> **What to produce**
Each line of the data must be written out again verbatim; no image belongs in the copy.

-------- Dataset excerpt

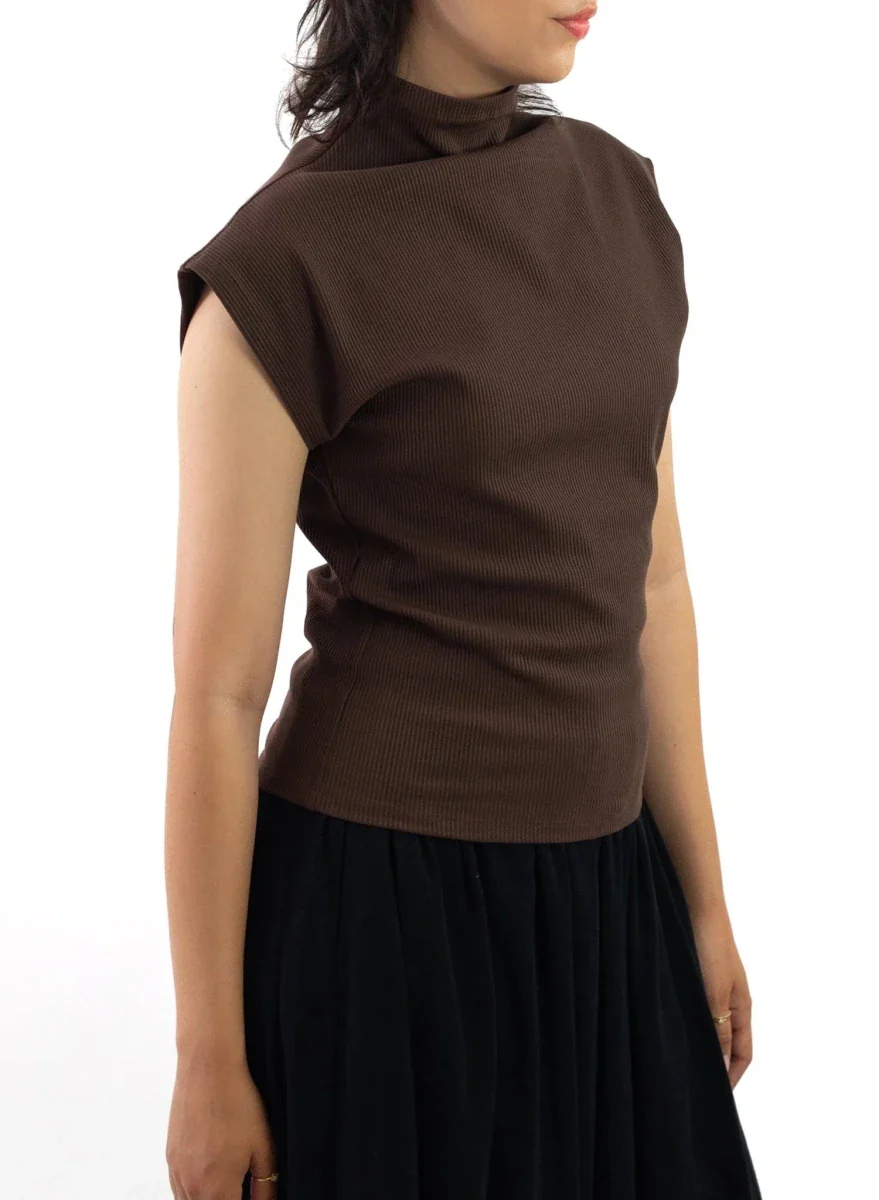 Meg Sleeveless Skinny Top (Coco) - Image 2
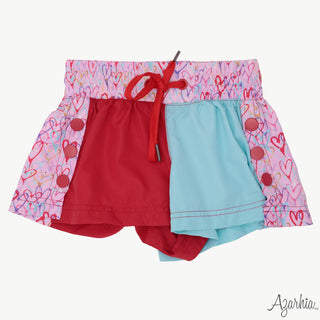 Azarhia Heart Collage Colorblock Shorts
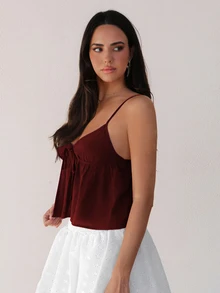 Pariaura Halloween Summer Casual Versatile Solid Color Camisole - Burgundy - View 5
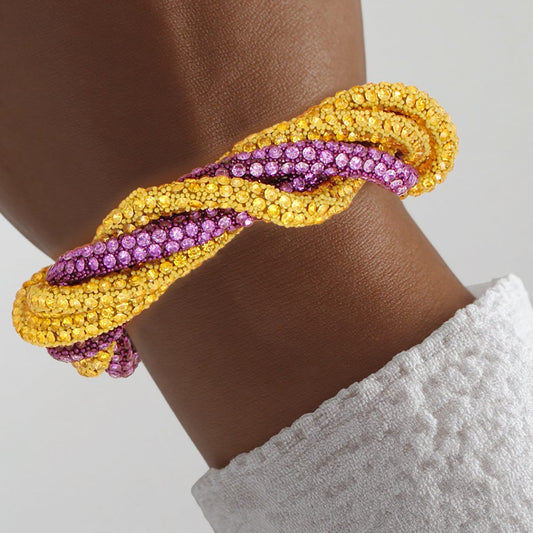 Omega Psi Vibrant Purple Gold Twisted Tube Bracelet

----------------

> **Solution to the exercise**
 Meg Sleeveless Skinny Top (Coco) - Image 2
 Azarhia Heart Collage Colorblock Shorts
 Pariaura Halloween Summer Casual Versatile Solid Color Camisole - Burgundy - View 5
 Omega Psi Vibrant Purple Gold Twisted Tube Bracelet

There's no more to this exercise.